Starliner's first crewed mission was to be its final test
before it could begin routine astronaut flights for NASA, which
relies on SpaceX's Crew Dragon craft.
STARLINER'S COMPETITIVE FUTURE
Boeing is also eyeing Starliner as a taxi to and from
privately built space stations that are in early development -
the kind of non-government revenue that SpaceX has brought in
with fully private Dragon missions.
But Starliner's future was thrown into uncertainty when it
suffered five thruster failures during its flight to the ISS
last year, as well as leaks of helium that is used to pressurize
the thrusters. NASA made Starliner return to Earth without its
crew in September, deeming it too risky for astronauts to ride.
A NASA safety advisory panel in January said the agency and
Boeing were making "significant progress" in their post-flight
technical investigations but that the propulsion system issues
remain unresolved.
Stich said Boeing is planning a ground test this summer of
propulsion system components aimed at validating the company's
fixes.
On top of Boeing's $2 billion in Starliner charges since
2016, the ceiling of the company's fixed-price $4.2 billion NASA
contract for Starliner development and missions has grown by
$326 million since being awarded in 2014, according to a Reuters
analysis of contract data.

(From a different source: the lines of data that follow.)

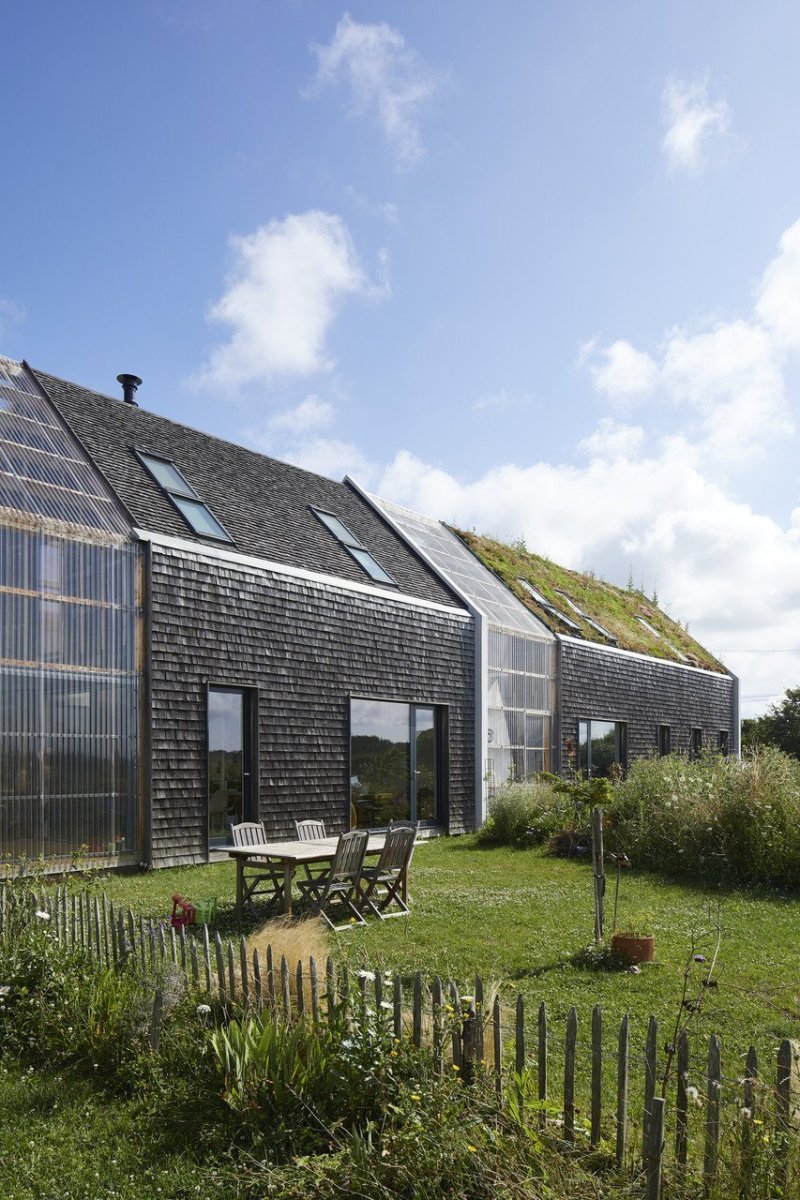 Les Pieds Vertes, j + e architekti / Benjamin Jardel, Nicolas Epaillard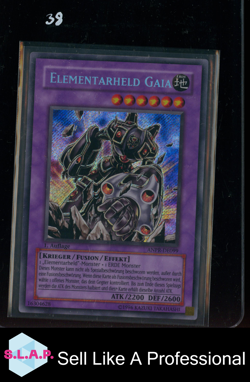 ELEMNTARHELD GAIA YU-GI-OH! ANPR 1ST EDITION DEUTSCH - Image 1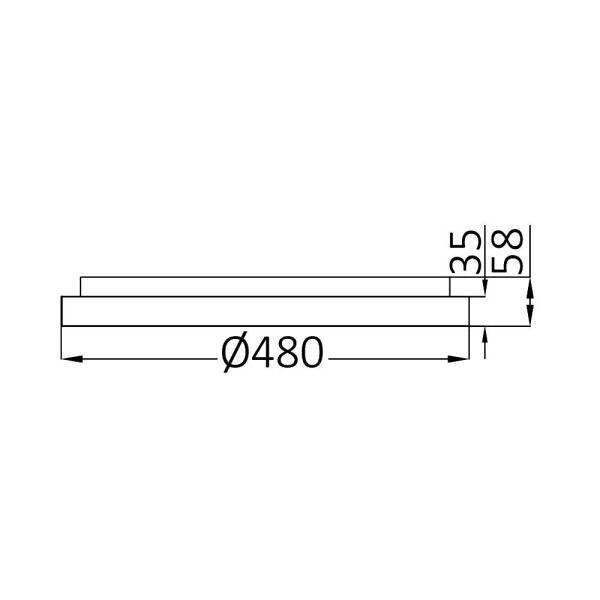 BRAYTRON Plafonjera BRY-BELLA-SLS-SR-RND-GLD-36W-3IN1-IP20 - Image 6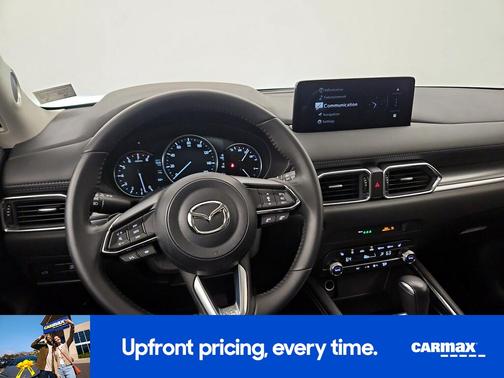 Red 2024 Mazda CX-5 2.5 S Premium Package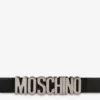 Belt with mini Lettering logo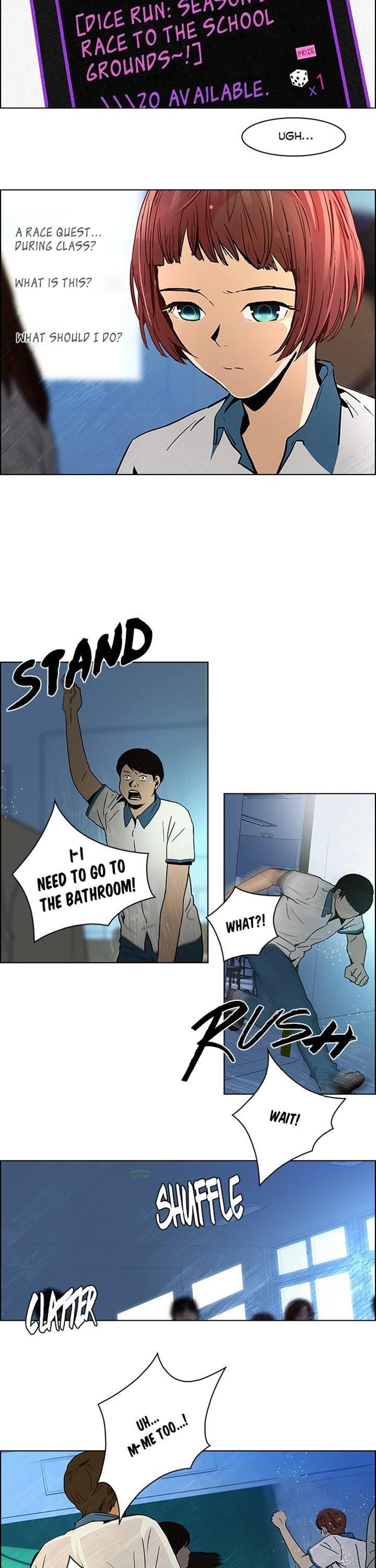 DICE: The Cube that Changes Everything Chapter 42 page 22 - Chapter 42 : The Light and the Shadow (4)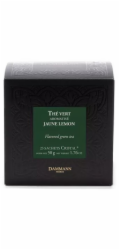 Dammann Green Tea Jaune Lemon 25 sáčků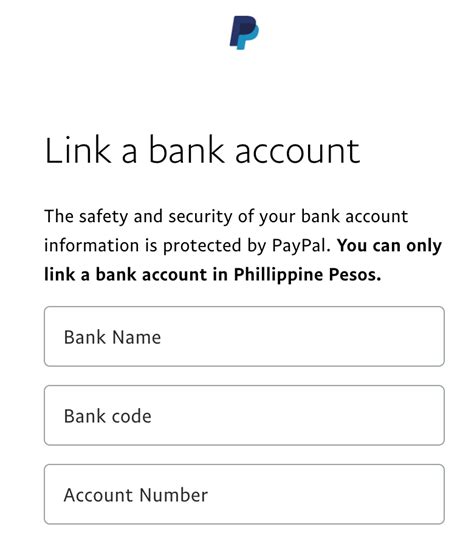 bpi bank code philippines paypal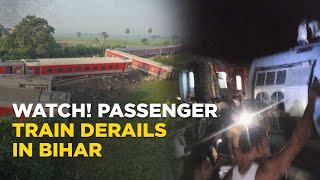 Bihar Train Accident News Live: At Least 4 Killed, Several Hurt As North East Express Derails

The company has received half of that
so far during development, roughly $2.2 billion.
SpaceX's Crew Dragon meanwhile has flown 11 astronaut
missions for NASA, including a crewed test flight in 2020.
The total value of SpaceX's initial $3 billion NASA
contract, also awarded in 2014 and similar to Starliner, has
grown to nearly $5 billion, largely due to extra missions NASA
has added amid Starliner's development delays.